There was a time when Beijing knew how to make concessions in its own interest. It made many to the US to gain accession to the World Trade Organization in 2001, enabling economic take-off. In the same decade it showed flexibility towards Hong Kong and Taiwan because, as former premier Zhu Rongji said, concessions to fellow Chinese are concessions to the Chinese nation.
But the art of conceding to reap benefits now seems lost. In its place an unbending, autocratic regime led by Xi Jinping, the strongman leader of the Communist party, has grown up. This authoritarian lurch may suit Beijing at home but it is bedevilling China’s relationship with much of the outside world, not only in Washington but also in European and Asian capitals.
The issue highlights a paradox. The international acceptance towards Beijing that underpinned its rise during the “reform and opening” era that began 40 years ago this month is now in retreat, imperilling the ecosystem that allowed China to prosper.
Hong Kong shows the dynamics of the backlash. Six months of mass protests were inspired in part by opposition to Beijing’s increasingly authoritarian bearing. But the unbending response of the Beijing-backed Hong Kong government has only further reduced its popularity; the pro-Beijing camp suffered an overwhelming defeat in district elections in November.
Similar trends are visible in Taiwan. Not only is President Tsai Ing-wen, whose ruling Democratic Progressive party advocates formal independence from mainland China, the frontrunner for next month’s presidential election. She is also using popular antipathy against Beijing’s heavy-handedness as a key part of her campaign platform.
Ms Tsai points to Hong Kong to try to convince her electorate that “one country, two systems” — the formula under which Hong Kong was allowed to maintain a “high degree of autonomy” after its return to mainland rule in 1997 — would never work for Taiwan. Beijing, however, insists on applying the formula to Taiwan in the event of any future unification.
So much for relations in China’s own backyard. The hardline posture of Mr Xi’s administration is also having a palpable impact on the wider world.

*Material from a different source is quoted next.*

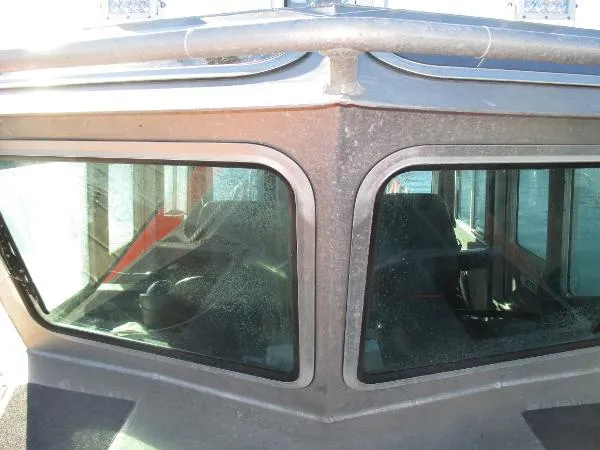 Slide: The Image of SafeBoat Defender 2004 - 8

In truth, this year has been an annus horribilis for Chinese soft power; the imprisonment without trial of two Canadians in Beijing, the repression of Uighur minority people in mass incarceration camps, public spats against Arsenal footballer Mesut Özil and basketball’s Houston Rockets manager Daryl Morey, and several other issues have all besmirched China’s image.
It is unclear, however, that Beijing cares greatly about the diplomatic headwinds it has helped to create for itself. Perhaps the concentration of power around Mr Xi is such that nuance is being lost from the Communist party’s internal debates. Or perhaps the US-China trade war and rivalry has created a bunker mentality that does not allow for concessions.
More likely is another interpretation: that this is now the way that China wants to be. A government white paper published in time for national day celebrations in October was crystal clear in its convictions about the superiority of China’s “centralised, unified and firm leadership”.
So proud of this is Beijing that it now wants to export its development model. In one example, officials held a forum in November called “The Significance of China’s Social Governance to the World”, attended by 200 experts from 20 countries. Xinhua, the official news agency, praised the conference as providing “wisdom to a world that is in need of new governance models”.
As Elizabeth Economy noted for the US Council on Foreign Relations this month, China has been training officials from neighbours on how to suppress dissent and attract foreign investment, while accessing and retaining foreign technologies and skills.
If this view persists, it will fall upon the rest of the world to decide to what extent an authoritarian, at times draconian, China can and should be engaged. It will force uncomfortable reviews that seek to balance commercial imperatives against cherished national values such as freedom of speech and human rights.
China should realise that public perceptions can be crucial to future policy in democratic countries. If it persists in trying to get its way through browbeating others, it may end up achieving the very opposite of its aims.